Basic equipment for PCB production on the basis of the board as input are the screen or stencil printer, pick-and-place machine, reflow oven, board DE-fluxing machine, stencil cleaning machine and automated optical inspection system. Steps involved in producing a PCB are:

1. The screen printer applies solder paste to the PCB on pad locations.
2. The pick-and-place machine picks up, inspects and puts surface-mount technology (SMT) components in a particular position on programmed locations.
3. Board DE-fluxing and stencil cleaning machines are used for cleaning the PCB and stencil, respectively.
4. Automated inspection equipment are used for inspection of the assembled PCBs for detection of any wrong placement or missing components.

Desktop stencil printer
Fig. 1: Desktop stencil printer

Electronics manufacturing using SMT is a method in which electronic components are assembled with automated machines that place components on the surface of a board. The process involves making the PCB and assembling the components on that PCB.

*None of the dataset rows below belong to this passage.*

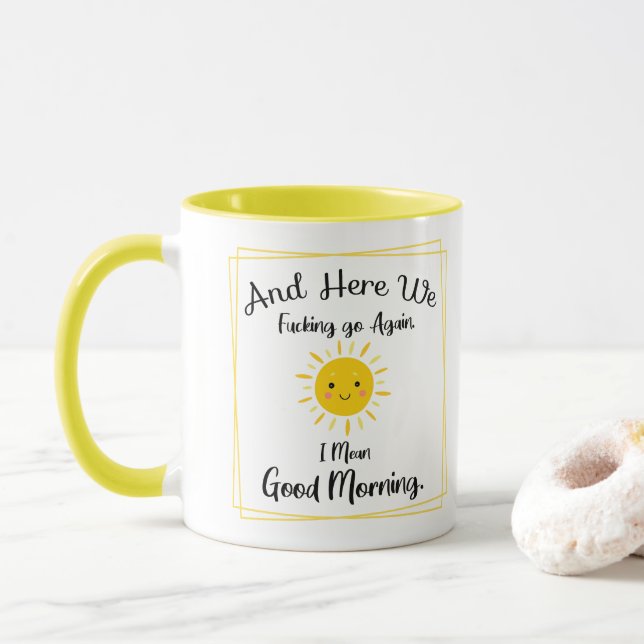 And Here We F*cking Go Again, I Mean Good Morning. Mug (With Donut)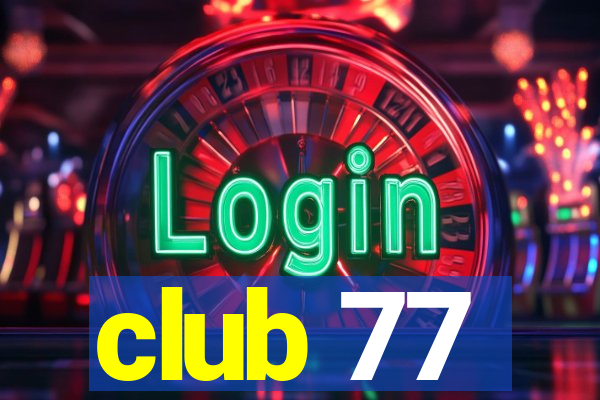 club 77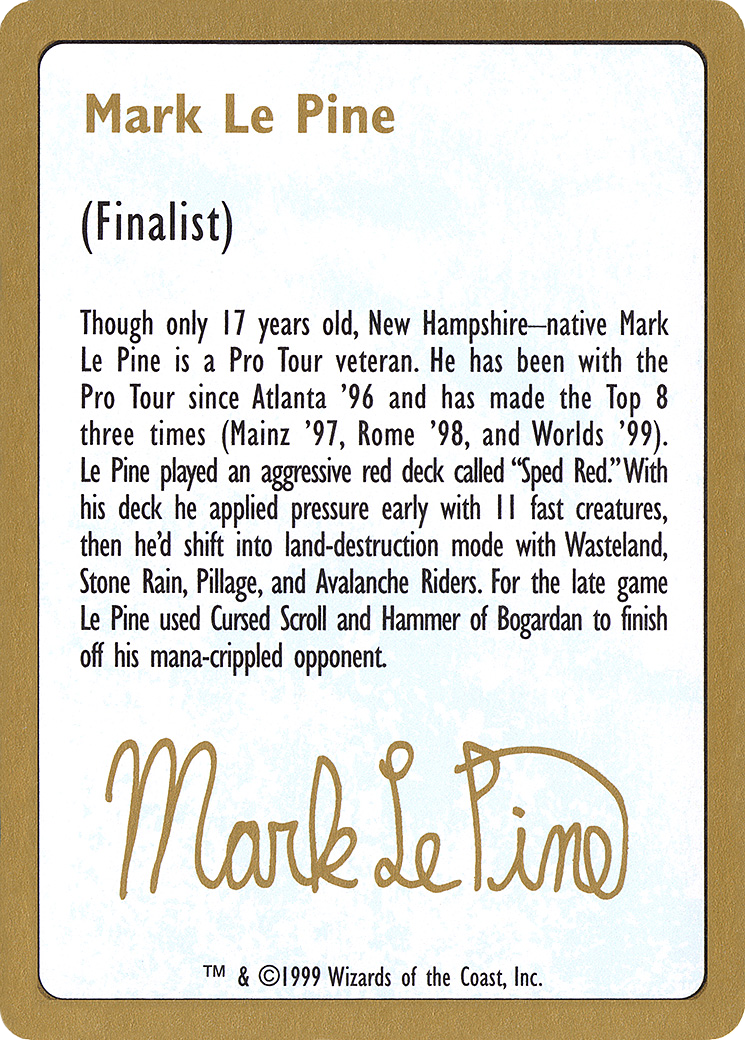 Mark Le Pine Bio [World Championship Decks 1999] - The Mythic Store | 24h Order Processing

After checking availability of various types of desktop manufacturing equipment, you should consider the various types available and be familiar with the associated pros and cons. All PCB prototyping work can be done in-house and time-to-market can be reduced.

Selection criteria

Stencil printers. The first stage of automated assembling of PCBs is stencil printing. For this we require stencil, solder paste and printer. Components are either leaded or SMT soldered to the board and exposed areas of the board are tinned or plated with solder. Stencil printers are available in three configurations, as given below:

Manual. Simple printing devices are suitable where high-precision alignment of a stencil-PCB is not critical. These are suitable for low volumes of up to 150 boards per day.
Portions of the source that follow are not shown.